2
votes

Is there a way to copy data from S3 into Snowflake without manually defining the columns beforehand?

I don't want to have to define the schema for the table in Snowflake OR the schema for which columns should be imported from S3. I want it to be schema-on-read, not schema-on-write.

I'm using a storage integration for access to the S3 external stage.

My question is a bit similar to this question, but I don't want to have to define any columns individually. If there's a way to just add on additional columns on the fly, that would solve my issue too.

2
we do something, like this, as we have a "csv" that really is just an one column which is a json blob, and then we load that into a holding table, and pull out the columns we want later. But other than having no columns like the above I am not sure how you can get away with no structure.Simeon Pilgrim

2 Answers

3
votes

We do not currently have schema inference for COPY. I am assuming that you already know about the variant column option for JSON but it will not give you full schematization. https://docs.snowflake.net/manuals/user-guide/semistructured-concepts.html

Dinesh Kulkarni

(PM, Snowflake)

2
votes

You need to use a third party tool that analyses your whole S3 data file in order to build an SQL schema from the data set in the file.

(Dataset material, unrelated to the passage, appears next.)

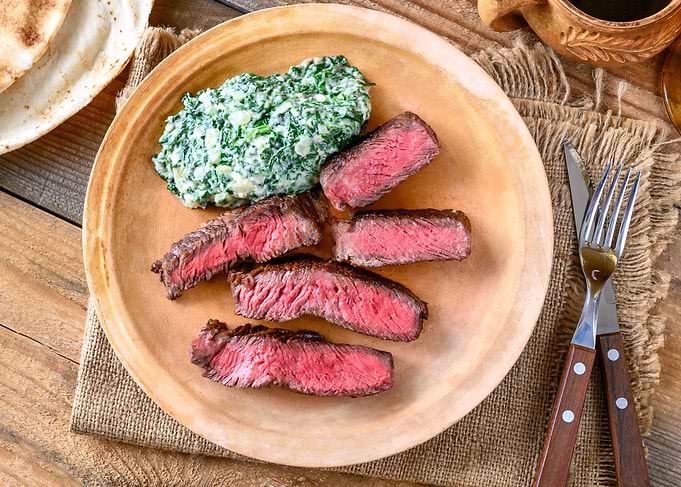 Beef steak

Or maybe the tool is given access to the data source definition (which Snowflake hasn't) to make the job for the tool easier.

You might find snippets of Snowflake Stored Procedure code by searching around here at stackoverflow, that outputs schema definitions by eg. recursively flattening JSON data files.

If you want the import to be flexible, you need to use a flexible data format like JSON and a flexible SQL data type like VARIANT. This will work even if your data structures change.

If you want to use rigid formats like CSV or rigid SQL data types (most are rigid) then things get complicated. Rigid data are not flexible, and eg CSV files do not have any embedded type information, making for massive non-future-proof guesswork.
And maybe you are satisfied having all your columns end up as VARCHAR...